Pilates ist hauptsächlich für die körperlichen Vorteile bekannt. Wussten Sie, dass Pilates auch viel zur mentalen Gesundheit beitragen kann?

Obwohl - oder gerade weil - wir uns einer grossen Zahl an technischen Hilfsmitteln bedienen dürfen, wächst unser Stress im Alltag ständig. Das Leben und die Anforderungen an uns wechseln rasant. Meistens sind wir mit unseren Gedanken bereits in der Zukunft und manchmal wohl auch in der Vergangenheit, selten aber im viel zitierten Moment.
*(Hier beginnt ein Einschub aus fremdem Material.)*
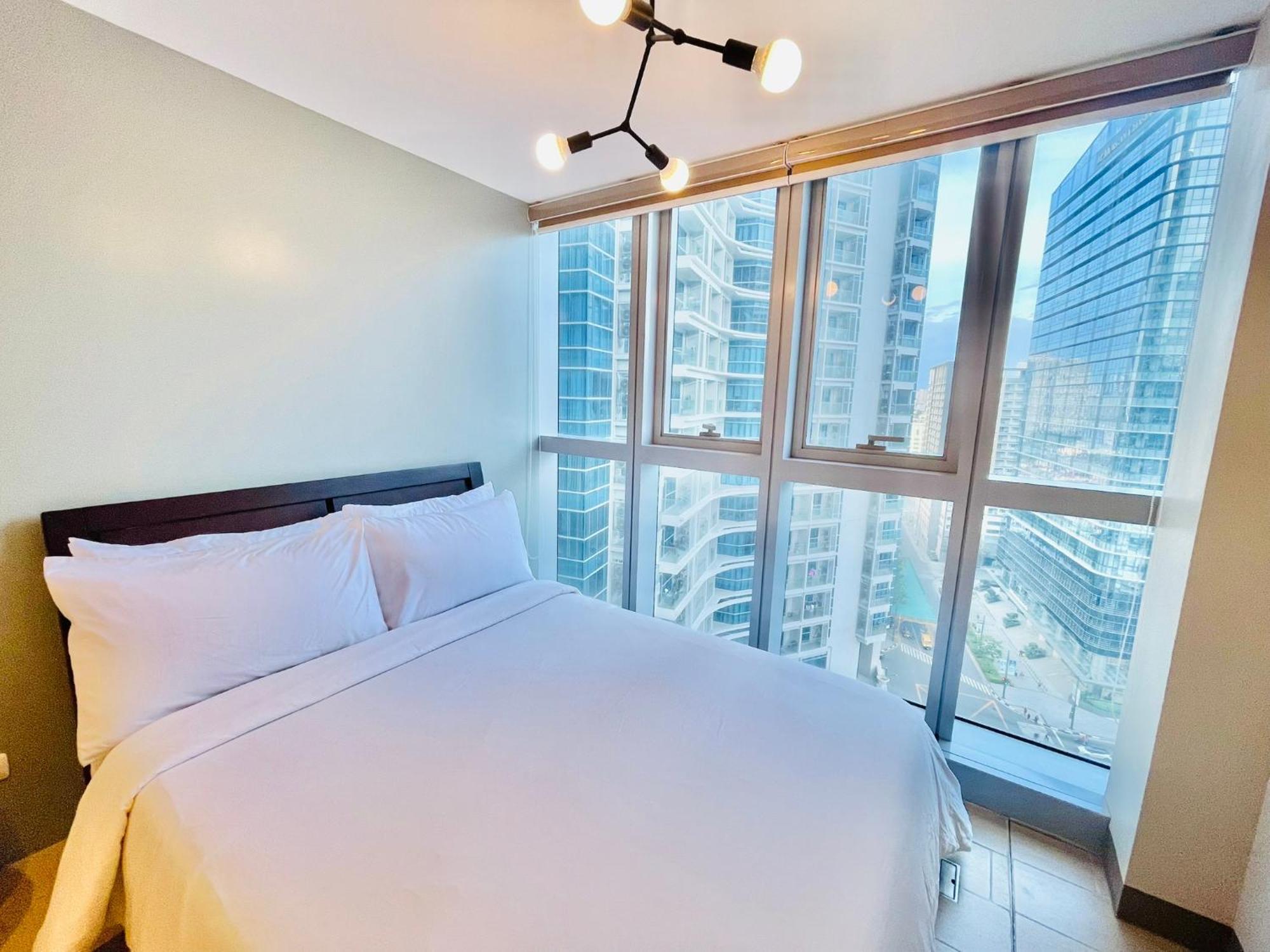 טאגיג Uptown Parksuites Bgc מראה חיצוני תמונה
Diese Schere lässt den Körper Stresshormone ausschütten, welche auf Dauer das Immunsystem schwächen, unser Schmerzempfinden verstärken und unsere Bewegung und Atmung beeinträchtigen.

 

Anfang des 20. Jahrhunderts wurden neben Pilates auch weitere Methoden (z. B. Feldenkrais, Ideokinese, Alexander Technik) entwickelt, welche den Menschen als Einheit sahen und die Verbindung von Körper und Geist ins Zentrum stellten. Jo Pilates nutzte den Atem als verbindendes Element, um eine Veränderung auf körperlicher und geistiger Ebene zu erzielen. Während bei den gängigen Fitnessformaten der Rhythmus der Musik die Geschwindigkeit der Bewegung diktiert, respektiert Pilates das individuelle Tempo der TeilnehmerInnen. Durch die Abstimmung der Übungen auf die Atmung kann eine tiefgreifende Veränderung und Integration in den Alltag erreicht werden.

 

Die ruhige Atmung und die ganzheitliche Bewegung beruhigt das Nervensystem und signalisiert somint dem Körper, dass keine Gefahr droht. Dadurch kippt der Hormonhaushalt wieder auf die "Glücksseite". Es wird einfacher, sich zu entspannen, das Leben fühlt sich leichter an und der Körper kann seine Funktionen wieder ungestört ausführen. Dank einem ausgeglichenen Muskeltonus verbessert sich die Haltung, wodurch sich sogar der Stoffwechsel verbessern kann.

 

Also: Auf die Matten - fertig - Happy Pilates!!!